There is, however, no mystery about sperm. There are vials to be had at banks for purchase. There are possibly friends or acquaintances willing to give you some for free. The time to answer your question about whether you want to try to conceive a baby on your own is upon you. The window of your reproductive viability will soon close. I agree with you that you’ve reached the point that it’s reasonable to assume that your choice is between having a baby without a partner or having no biological baby at all. Which scenario makes you sadder? Which are you going to be happy you did when you’re fifty? It’s time to do the emotional and practical work you need to do so you can make a decision. The website of the organization Single Mothers by Choice is an excellent place to start.

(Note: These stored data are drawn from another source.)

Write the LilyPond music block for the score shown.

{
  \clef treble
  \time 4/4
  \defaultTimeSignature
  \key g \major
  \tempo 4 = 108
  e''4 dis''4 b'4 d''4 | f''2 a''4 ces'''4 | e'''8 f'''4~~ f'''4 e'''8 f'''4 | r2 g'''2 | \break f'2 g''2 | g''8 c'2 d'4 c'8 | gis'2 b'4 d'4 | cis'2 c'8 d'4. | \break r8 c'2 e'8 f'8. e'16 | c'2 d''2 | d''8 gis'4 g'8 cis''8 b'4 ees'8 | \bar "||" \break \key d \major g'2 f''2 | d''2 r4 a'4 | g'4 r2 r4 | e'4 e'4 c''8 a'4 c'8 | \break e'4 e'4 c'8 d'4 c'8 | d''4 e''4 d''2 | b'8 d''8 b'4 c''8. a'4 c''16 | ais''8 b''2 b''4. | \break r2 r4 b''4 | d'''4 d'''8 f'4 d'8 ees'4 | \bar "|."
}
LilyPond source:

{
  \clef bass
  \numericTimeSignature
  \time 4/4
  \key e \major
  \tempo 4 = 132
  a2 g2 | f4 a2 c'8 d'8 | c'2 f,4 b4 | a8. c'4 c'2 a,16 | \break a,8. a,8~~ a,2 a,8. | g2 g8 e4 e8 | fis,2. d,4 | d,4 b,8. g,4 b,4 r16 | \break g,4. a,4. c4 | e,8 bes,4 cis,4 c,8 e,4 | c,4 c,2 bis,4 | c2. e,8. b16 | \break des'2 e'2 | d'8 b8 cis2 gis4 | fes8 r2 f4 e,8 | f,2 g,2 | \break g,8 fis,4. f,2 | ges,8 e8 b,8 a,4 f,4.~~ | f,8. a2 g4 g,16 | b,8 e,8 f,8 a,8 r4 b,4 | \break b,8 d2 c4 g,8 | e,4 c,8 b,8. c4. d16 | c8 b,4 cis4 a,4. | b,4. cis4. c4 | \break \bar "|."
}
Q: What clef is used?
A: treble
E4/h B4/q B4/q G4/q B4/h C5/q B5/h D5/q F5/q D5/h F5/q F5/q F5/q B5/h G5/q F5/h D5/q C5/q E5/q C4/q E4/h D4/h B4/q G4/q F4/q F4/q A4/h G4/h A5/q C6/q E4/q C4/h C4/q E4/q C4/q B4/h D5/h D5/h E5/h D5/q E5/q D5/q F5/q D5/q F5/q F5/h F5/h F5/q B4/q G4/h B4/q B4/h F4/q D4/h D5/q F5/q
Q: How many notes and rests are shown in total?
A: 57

I can’t tell you what to do. No one can. But as the mother of two children, I can tell you what most moms will: that mothering is absurdly hard and profoundly sweet. Like the best thing you ever did. Like if you think you want to have a baby, you probably should. I say this in spite of the fact that children are giant endless suck machines. They don’t give a whit if you need to sleep or eat or pee or get your work done or go out to a party naked and oiled up in a homemade Alice B. Toklas mask. They take everything. They will bring you to the furthest edge of your personality and abso-fucking-lutely to your knees.

They will also give you everything back. Not just all they
take, but many of the things you lost before they came along as well.

Every mother has a different story, though we tend to group them together. We like to think that partnered moms have it good and single moms have it rough, but the truth is that we’re a diverse bunch. Some single mothers have lots of child-free time because their kids are regularly in the custody of their fathers. Some seldom get a break. Some partnered mothers split child-care duties with their spouses in egalitarian ways; others might as well be alone. Some mothers of both varieties have parents, siblings, and friends who play active roles in their children’s lives in ways that significantly lighten the load. Others have to pay for every hour another person looks after their kids. Some mothers, single or partnered, can’t afford to pay anyone for anything. Some can and do. Others can and won’t. Some are aided financially by parents, or trust funds, or inheritances; others are entirely on their own. The reality is that, regardless of the circumstances, most moms are alternately blissed out by their love for their children and utterly overwhelmed by the spectacular amount of sacrifice they require.